L’appello deve pertanto essere accolto.
Le spese del giudizio possono essere compensate in ragione della novità della questione trattata.
P.Q.M.
Accoglie l’appello.
Spese compensate.
COMMENTO REDAZIONALE– La sentenza in commento accoglie l’appello dell’Agenzia delle Dogane e riforma completamente la pronuncia di primo grado, che aveva ritenuto nullo l’avviso di accertamento sottoscritto digitalmente e notificato in via ordinaria, mediante il servizio postale.
Infatti, la copia cartacea dell’avviso di accertamento notificata al contribuente recava il contrassegno (codice QR), previsto dall’art. 23, comma 2-bis, D.lgs. 07 marzo 2005 n. 82 (cd. “Codice dell’Amministrazione digitale”), tramite il quale sarebbe stato possibile, per il destinatario della notifica postale, accedere al documento informatico firmato digitalmente.
La predetta norma dispone infatti che: “Sulle copie analogiche di documenti informatici può essere apposto a stampa un contrassegno, sulla base dei criteri definiti con le Linee guida, tramite il quale è possibile accedere al documento informatico, ovvero verificare la corrispondenza allo stesso della copia analogica. Il contrassegno apposto ai sensi del primo periodo sostituisce a tutti gli effetti di legge la sottoscrizione autografa del pubblico ufficiale e non può essere richiesta la produzione di altra copia analogica con sottoscrizione autografa del medesimo documento informatico.
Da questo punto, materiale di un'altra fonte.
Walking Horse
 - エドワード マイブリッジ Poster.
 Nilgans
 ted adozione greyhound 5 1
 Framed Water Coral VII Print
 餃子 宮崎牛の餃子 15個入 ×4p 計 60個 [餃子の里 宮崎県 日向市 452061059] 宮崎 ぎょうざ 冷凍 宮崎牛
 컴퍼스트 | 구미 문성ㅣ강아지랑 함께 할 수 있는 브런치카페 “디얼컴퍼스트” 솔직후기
I soggetti che procedono all’apposizione del contrassegno rendono disponibili gratuitamente sul proprio sito Internet istituzionale idonee soluzioni per la verifica del contrassegno medesimo“.
Pertanto, l’apposizione del contrassegno ex art. 23, comma 2-bis, D.Lgs. n. 82/2005 permette all’Amministrazione finanziaria di notificare al contribuente, via posta, la mera copia cartacea, priva di sottoscrizione autografa, dell’avviso d’accertamento informatico firmato digitalmente, con i medesimi effetti che produrrebbe la notificazione del documento informatico originale.
Nel caso di specie, l’accoglimento dell’appello dell’Agenzia delle Dogane su tale punto comporta la definitiva declaratoria di legittimità dell’avviso di accertamento contestato, posto che il contribuente, non costituendosi nel giudizio di appello, non aveva riproposto tutte le altre questioni sollevate in primo grado, con conseguente rinuncia alle stesse ex art. 56 D.lgs. 546/1992 (analogo all’art. 346 c.p.c.).
Sul punto, la sentenza in commento si uniforma al consolidato indirizzo giurisprudenziale- formatosi in materia civile, ma applicabile anche al processo tributario- secondo cui “le parti del processo di impugnazione, nel rispetto dell’autoresponsabilità e dell’affidamento processuale, sono tenute, per sottrarsi alla presunzione di rinuncia (al di fuori delle ipotesi di domande e di eccezioni esaminate e rigettate, anche implicitamente, dal primo giudice, per le quali è necessario proporre appello incidentale ex art. 343 c.p.c.), a riproporre ai sensi dell’art. 346 c.p.c. le domande e le eccezioni non accolte in primo grado, in quanto rimaste assorbite, con il primo atto difensivo e comunque non oltre la prima udienza, trattandosi di fatti rientranti già nel “thema probandum” e nel “thema decidendum” del giudizio di primo grado” (si veda, in tal senso, Cass. civ., Sezioni Unite, 21 marzo 2019 n. 7940).